Column: Hulk Hogan sex tape verdict: A needed lesson
If there’s one thing American journalists love, it’s arguing against limits on the First Amendment.
I fit right into that group of passionate free speech advocates. In general, if I’m posed with the question as to whether the government should be allowed to punish journalists for something they’ve published, my answer is going to be no.
But even the most staunch backer of the First Amendment understands that our laws, constitutional or otherwise, fly in the faces of each other all the time, so some limits must be placed. You can’t have absolute free speech and also maintain a safe environment, for example (e.g. yelling “bomb” in an airport).
This difficult balancing act has played out beautifully in the past week, as Gawker lost a privacy lawsuit against Hulk Hogan (real name: Terry G. Bollea, but I’m going to continue calling him Hulk Hogan for the purposes of name recognition). The loss cost the media outlet $144 million in damages, which will likely be appealed and decreased.
The case came about after Gawker published an excerpt of a video of Hogan having sex with his friend’s wife, a video that he says he did not know was being recorded. His friend testified during a different lawsuit that Hogan did not, in fact, know about the recording. Hogan also claims this friend had encouraged the encounter. The video was posted on Gawker’s website in 2012 along with an article about the appeal of celebrity sex tapes, written by former Gawker Editor in Chief Albert J. Daulerio.
This is absolutely an instance when a person’s right to privacy outweighs any publication’s right to free speech, yet some journalists are taking a ride down some seriously slippery slopes in their arguments against this verdict.
Some journalists are saying this decision will have a chilling effect on media outlets everywhere the next time they’re posed with the opportunity to report anything damaging about a public figure. The fact that this jury placed a celebrity’s privacy above the public’s right to know, they say, is going to have serious implications for how the press operates in the U.S.
This is simply not true. This case is extremely specific. Nowhere does the decision say that reporting on the existence of this sex tape is punishable. All the verdict says is that the publication of the video itself is. Gawker could have published the exact same article without the video and almost certainly would not lose a lawsuit.

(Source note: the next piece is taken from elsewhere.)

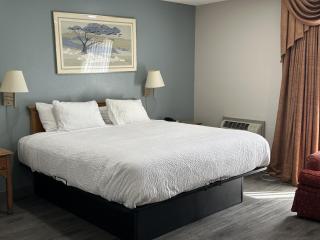 Days Inn by Wyndham Medford - 5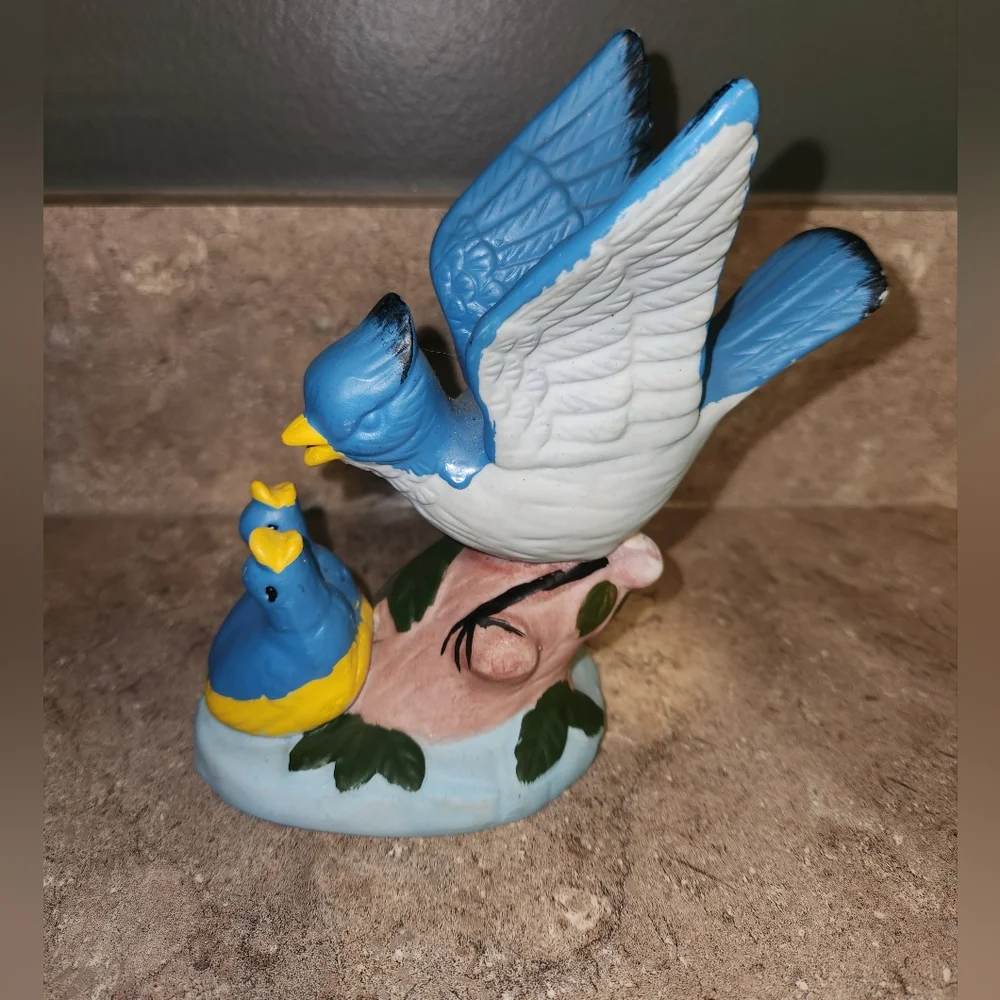Vintage Unmarked Bluebird‎ With Babies Figurine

Another argument is that celebrity sex tapes are newsworthy, and the public has a right to see them.
I strongly disagree with this. A public servant’s sexual conduct may very well be up for public scrutiny because those are people paid with public money. But a mere celebrity like Hogan holds no obligations to the public, and therefore his or her privacy should have fair protections. And again, the verdict does not say that Gawker couldn’t have reported on the sex tape’s existence and circumstances. That is not the same thing as publishing the video itself without the subjects’ consent or even knowledge until after the fact.
The truth is, the United States protects speech more aggressively than any other country in the world. Take a look at how other nations deal with defamation, for example, and you’ll see that America is in no hurry to restrict the press. Quite the opposite. So this very specific decision saying that Gawker had no right to publish a sex tape of Hulk Hogan that he didn’t even know was being recorded will have absolutely no broader implications for free speech and press.
No, the only “journalists” who will be affected by this decision are the tabloid scum who think it’s acceptable to post sex tapes without the subjects’ consent. And those journalists are of an entirely different breed from me and mine.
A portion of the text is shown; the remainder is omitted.